**Assigned task:** Without pictures, return the lines from the one containing "Spar Prospekt, Seite" through the last line of the data below, exactly.

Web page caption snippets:
※

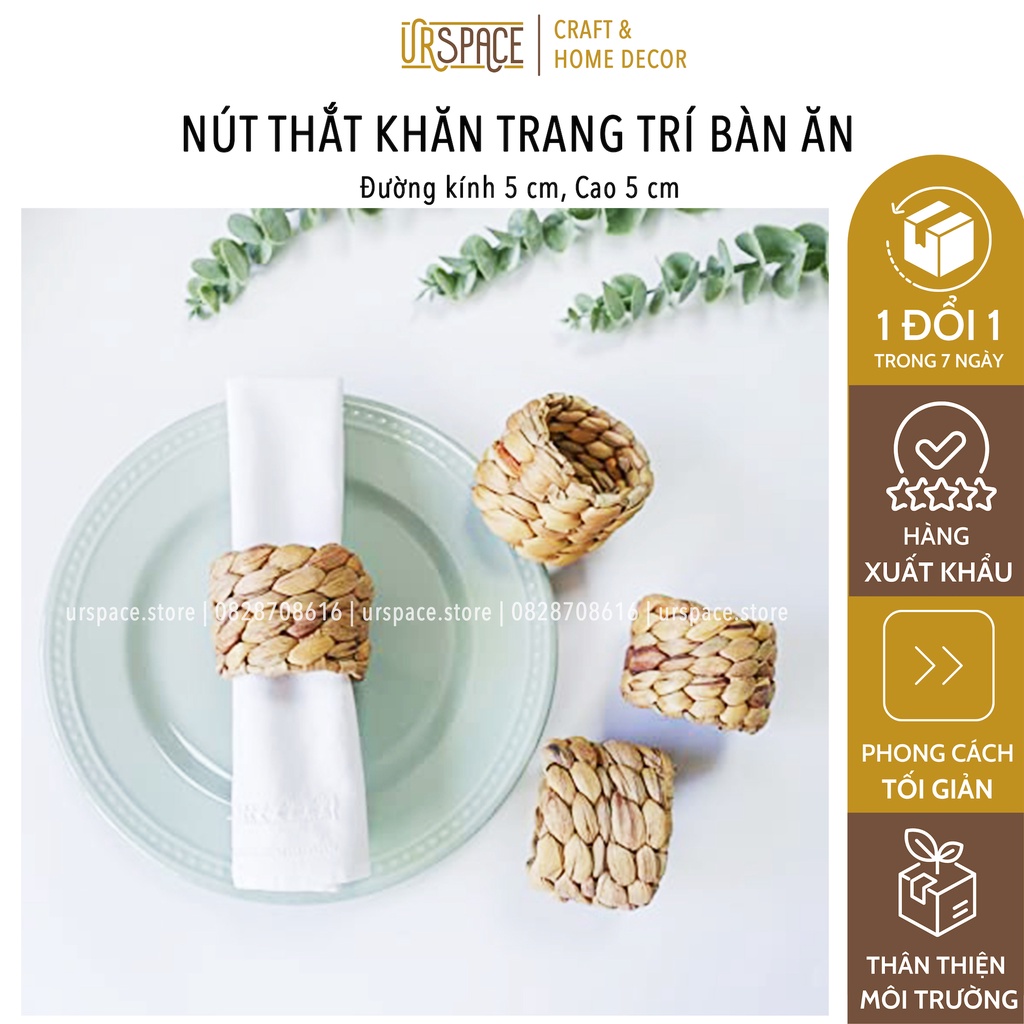 Nút trang trí decor khăn ăn bằng lục bình màu tự nhiên Ur Space/ Handmade Water Hyacinth Napkin Ring Holders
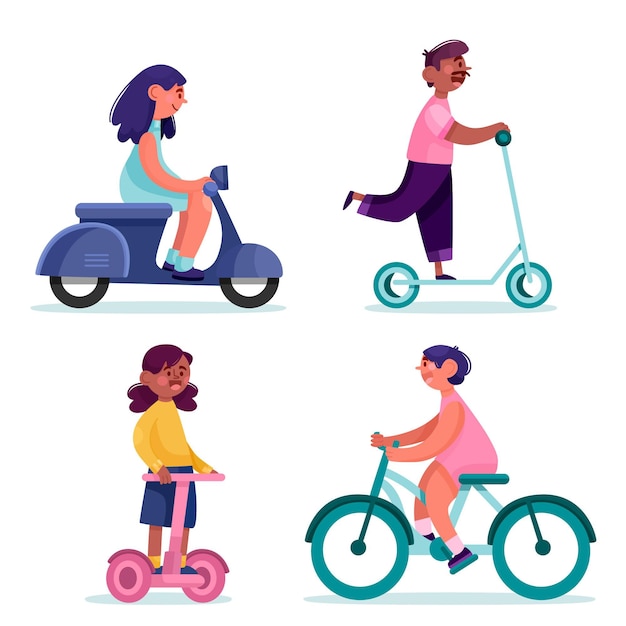 Free Vector people driving electric transport set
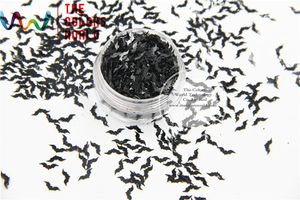 Poudres acryliques liquides couleur noire forme de chauve-souris taille 8mm paillettes pailletées pour Nail Art et fournitures de bricolage décorations de vacances 231216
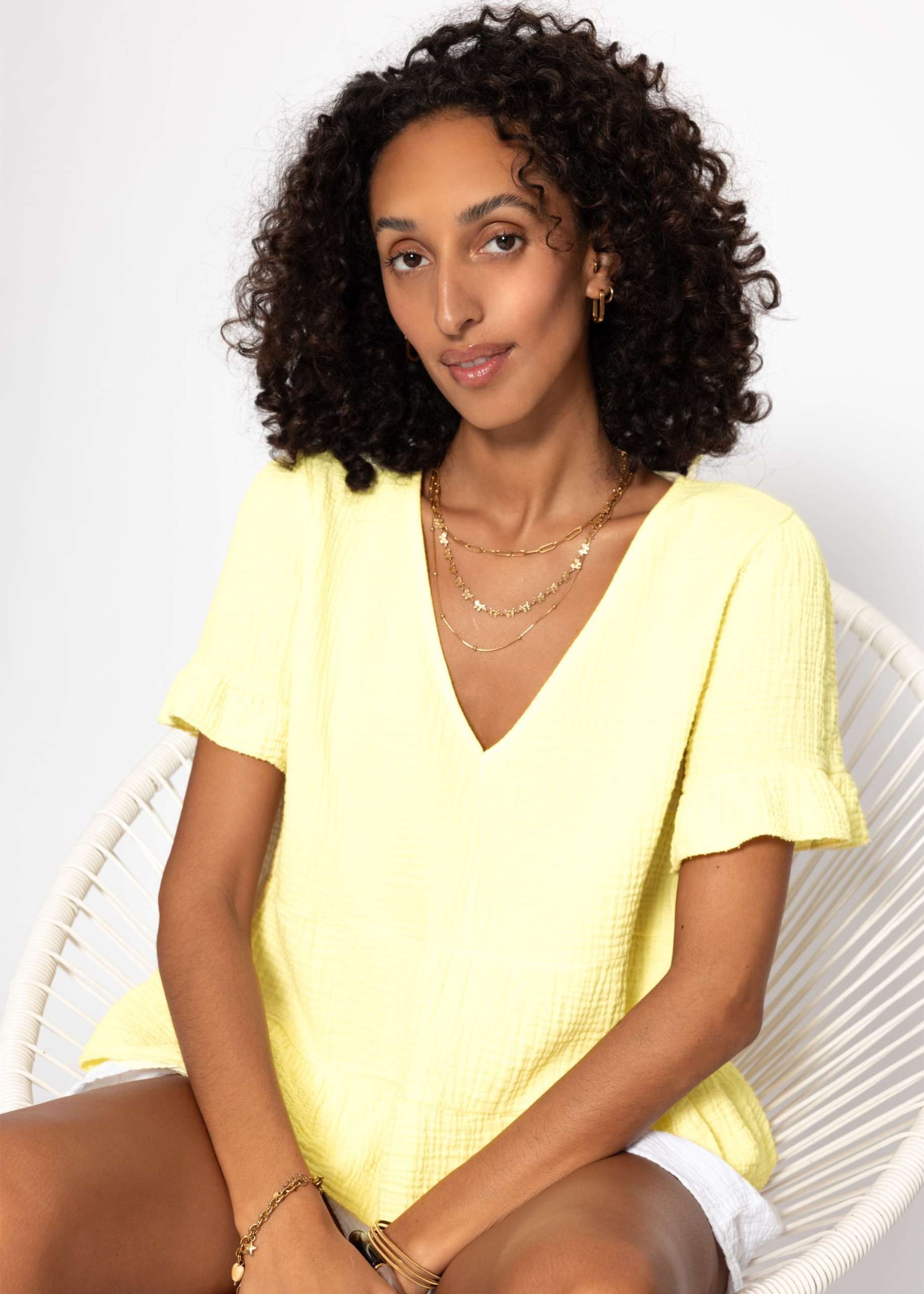 Kurzarmbluse Luftiges Musselin Shirt Damen mit Volants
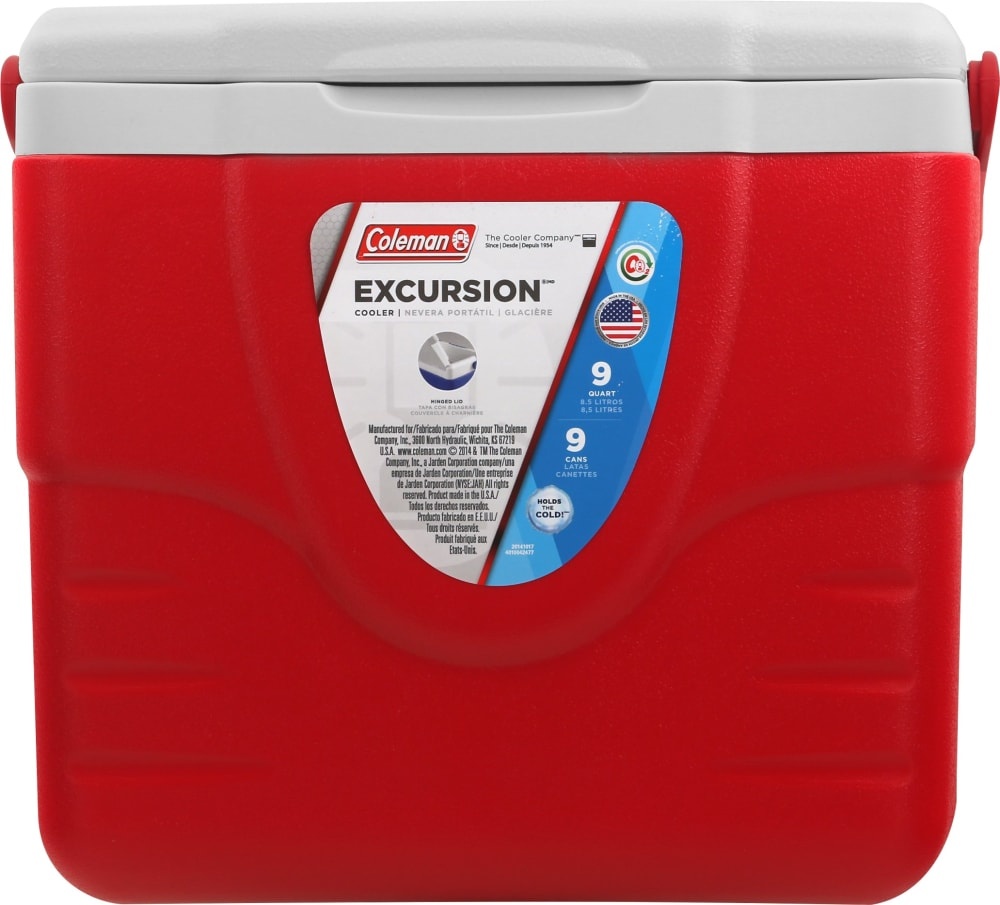 slide 1 of 1, Coleman Excursion Cooler - Red, 9 qt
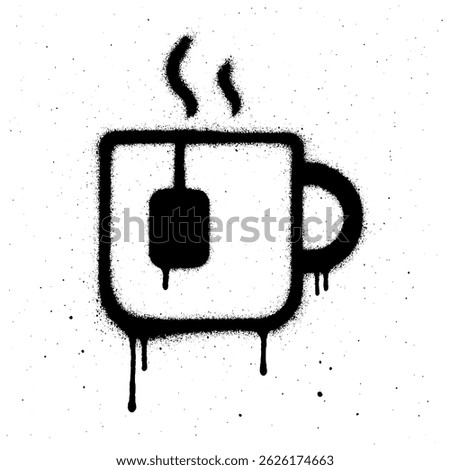 bold black and white graffiti style illustration of a tea mug with a teabag and steam rising, created with spray paint effects.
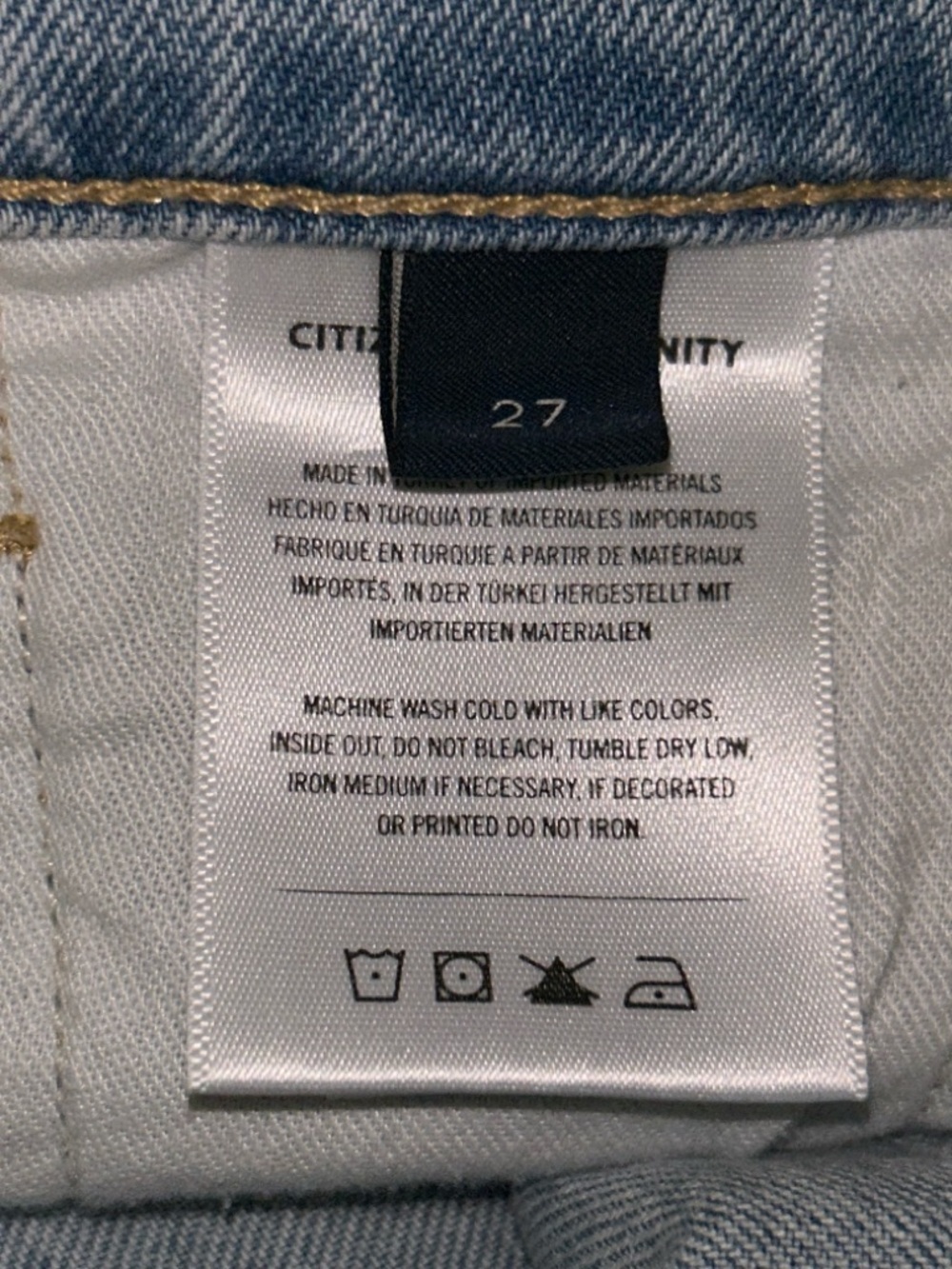 Citizens Of Humanity Light Blue Straight Leg Jeans with Knee Rips - Picture 5 of 5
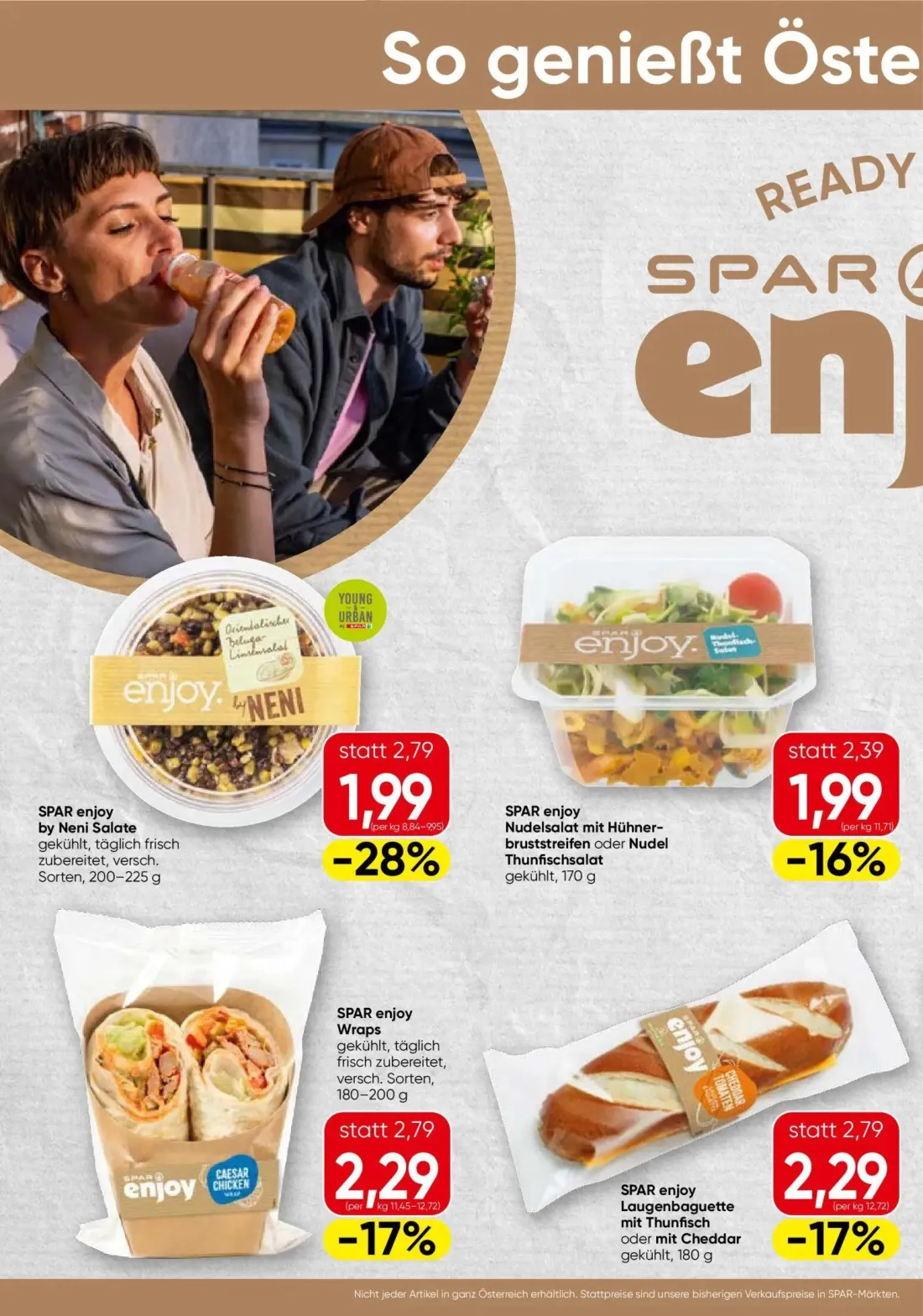Spar Prospekt, Seite 2 von 4 — SPAR enjoy by Neni Salate, SPAR enjoy Wraps, SPAR enjoy Laugenbaguette mit Thunfisch oder mit…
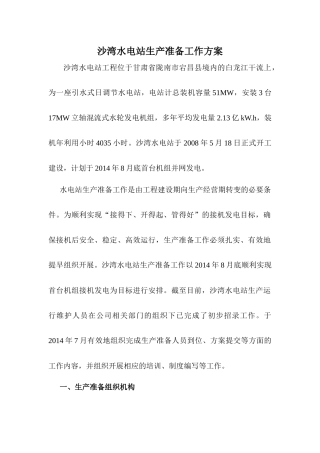 某水电站生产准备工作方案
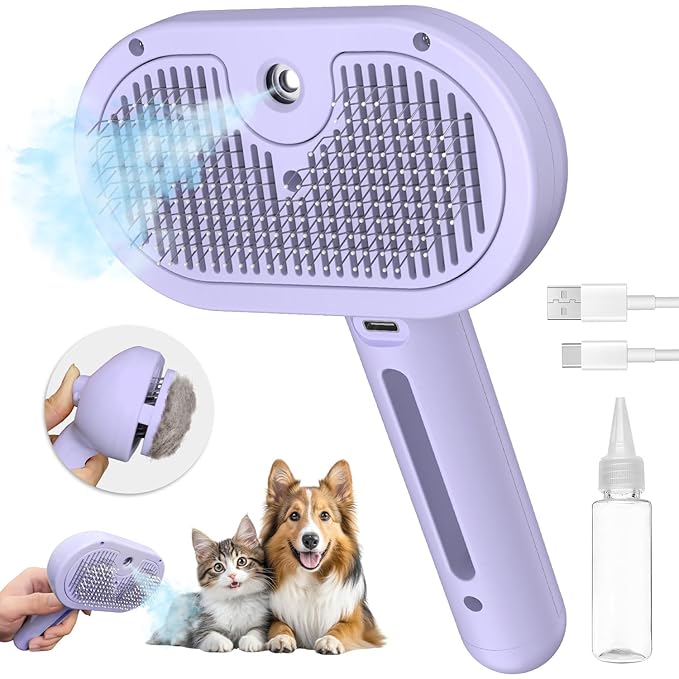 Pecait 3-in-1 Self-Cleaning Brush for Shedding Dogs and Cats - Removes Static, Tangles, and Loose Hair (Purple)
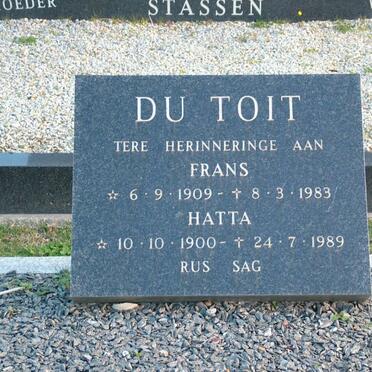 TOIT Frans, du 1909-1983 &amp; Hatta 1900-1989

※

**Answer to this exercise:**
Spar Prospekt, Seite 2 von 4 — SPAR enjoy by Neni Salate, SPAR enjoy Wraps, SPAR enjoy Laugenbaguette mit Thunfisch oder mit…
 某水电站生产准备工作方案
 Pecait 3-in-1 Self-Cleaning Brush for Shedding Dogs and Cats - Removes Static, Tangles, and Loose Hair (Purple)
 TOIT Frans, du 1909-1983 &amp; Hatta 1900-1989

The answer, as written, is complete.